鎌倉駅近くの江ノ電の踏切で昔の踏切の支柱を見つけた。そうだ、かつては踏切には踏切番がいて、電車が通るたびにハンドルを回して開け閉めをしてくれていた。あの人間を追い立てるような「カンカンカン」という警笛音もなかった。急に昔の電車の記憶が蘇ってきた。
以前、SOLAR CATという雑誌で「時間のデザイン」(no.24)という特集をやったことがある。その編集後記で私はこんなことを書いていた。

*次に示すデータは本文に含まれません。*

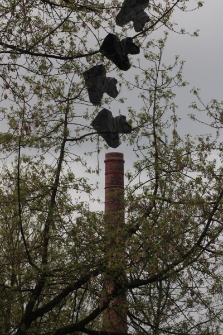 Komin znajdujący się na terenie Gazowni Warszawskiej. Zdjęcie pt. ,,W dymie" wykonane w ramach konkursu "Foto Art Wola" przez Jerzego Furgałę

「通勤途中の車窓から、あるいは散歩の道すがらいつも目をやるものは道ばたにうち棄てられたものだ。それはおそらく何年もの間、放置されたままの車輪のない自転車であったり、フェンスに挟まったまま赤く錆び付いた空き缶であったり、古い工場の外壁にこびりついた枯れたツタであったり、ガード下の張り紙だったりする。それらの場所は一様に暗く汚いのであるが、しばらくそれを眺めたり、佇んでいたりすると、周りの喧噪が一瞬消えて、自分を取り戻せたような不思議な気持ちになる。それはいったいどこからくるのだろうか。」
私は、そうしたモノや場所を「時間の忘れ物」と呼んでいる。